The innocuous comment that "if blogging is journalism, then some of its practitioners seem to have learned the trade from Jayson Blair" brings to mind certain other employees of our Paper of Record that have continued working in an old tradition. As one commentator later explained:

Since the running of a big newspaper requires a large capital, the proprietors of important organs necessarily belong to the capitalist class, and it will be a rare and exceptional event if they do not sympathize with their own class in opinion and outlook.

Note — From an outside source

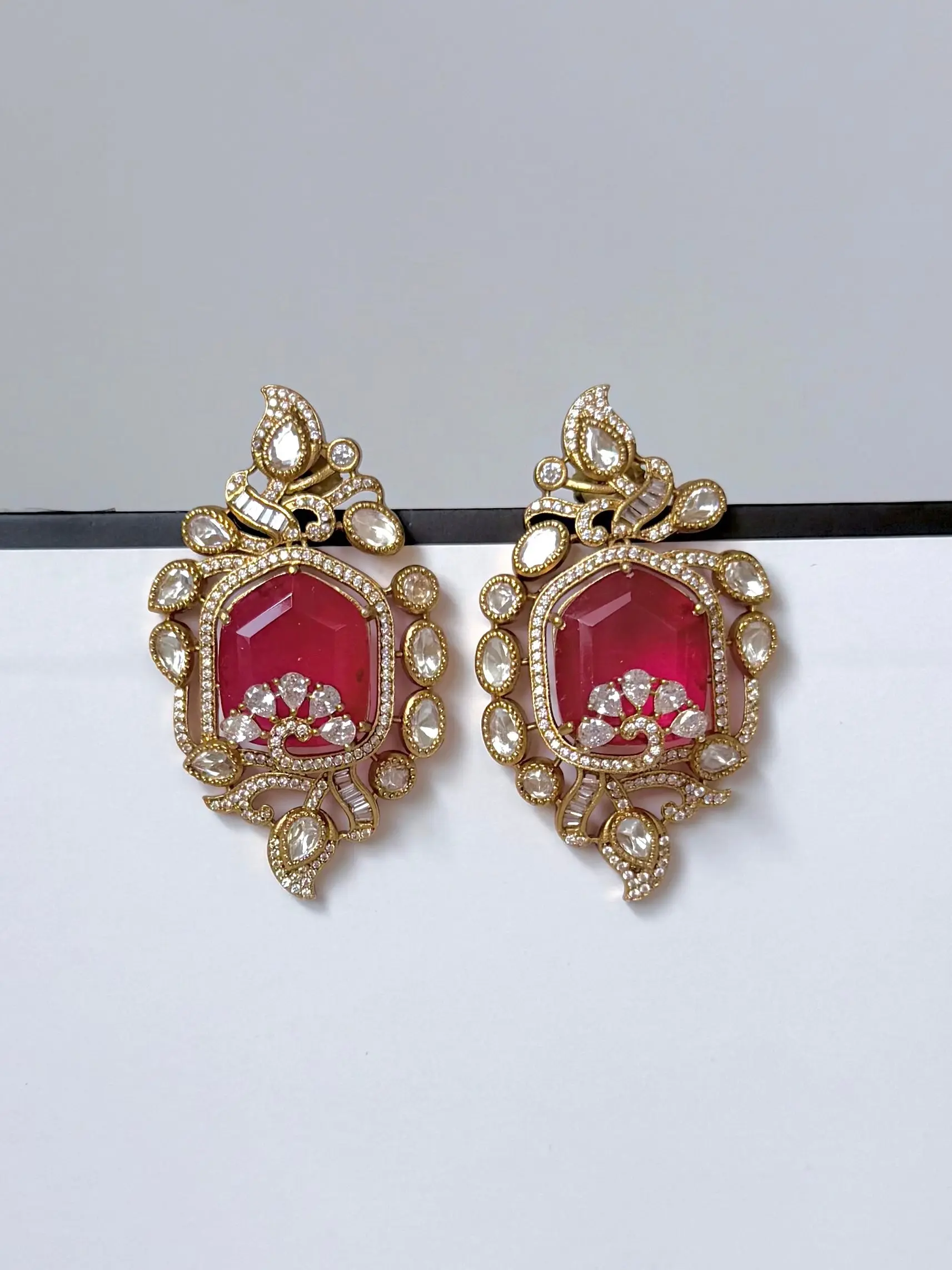 Premium Chahat Doublet Earrings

They are able to decide what news the great mass of newspaper readers shall be allowed to have. They can actually falsify the news, or, without going so far as that, they can carefully select it, giving such items as will stimulate the passions which they desire to stimulate, and suppressing such items as would provide the antidote. In this way the picture of the world in the mind of the average newspaper reader is made to be not a true picture, but in the main that which suits the interests of capitalists.

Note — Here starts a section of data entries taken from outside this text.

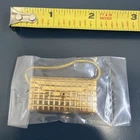 Vintage New Barbie Doll Gold Purse Bag Clutch With Handle Never Opened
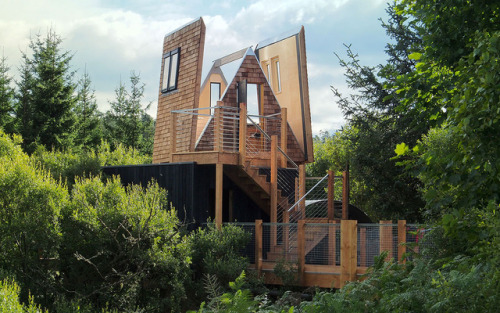 cabinporn:Sky Den in Calvert Trust within the Kielder Water...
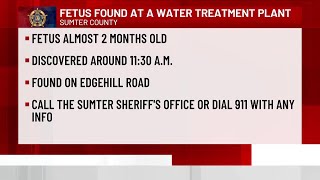Fetus found at Sumter County water treatment plant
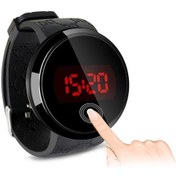 Resim Sones Sanda 1065 3d İçi Boş Tekerlek Dönmeyen Kadranlı Kuvars Saat Erkekler İçin, Stil: File Kemer Siyah Yeşil 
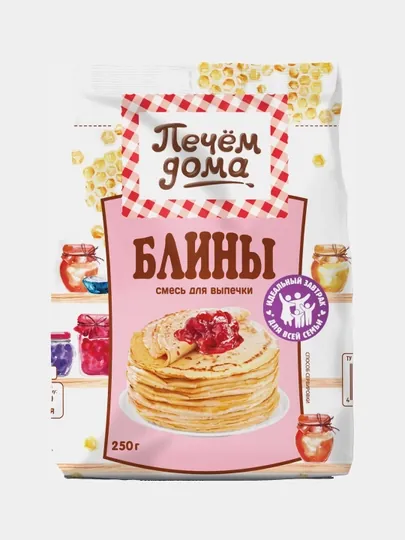 Смесь для выпечки Печём дома, блины, 250 гр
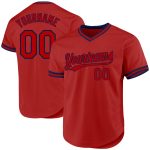 Personalized Red White-Royal Authentic Throwback Baseball Jersey Team Custom Name and Number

This is true in many directions, but above all in what concerns the relations between nations. The mass of the population of a country can be led to love or hate any other country at the will of the newspaper proprietors, which is often, directly or indirectly, influenced by the will of the great financiers.

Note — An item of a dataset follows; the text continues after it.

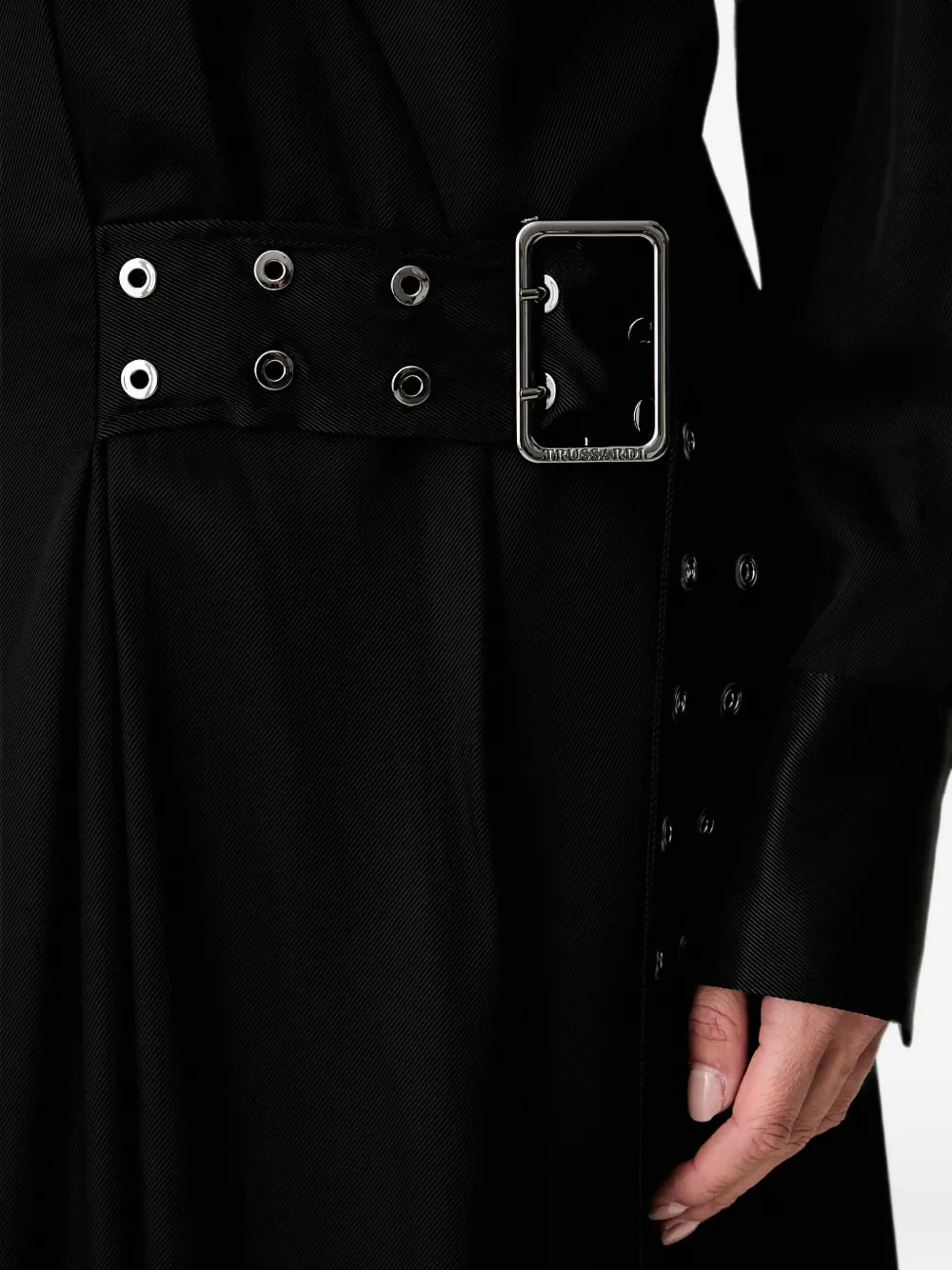 Trussardi Midi-wikkeljurk met ceintuur Zwart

So long as enmity between England and Russia was desired, our newspapers were full of the cruel treatment meted out to Russian political prisoners, the oppression of Finland and Russian Poland, and other such topics. As soon as our foreign policy changed, these items disappeared from the more important newspapers, and we heard instead of the misdeeds of Germany. Most men are not sufficiently critical to be on their guard against such influences, and until they are, the power of the Press will remain.

Forbes is just afraid of a little free competition in the ancient market of "spouting liberty but spewing lies, libel and invective."


:: posted by buermann @ 2005-10-27 21:47:26 CST | link


    Comments:

    posted by AliceMarshall @ 2005-10-28 18:42:33 | link

      For some reason I cut and pasted "dick" in the url, rather than "daniel", must be some strange techo-fruedian bug in my software.

      "Great journalists make PR possible" indeed. I believe we've discovered one of Dr. Russell's fellow travellers.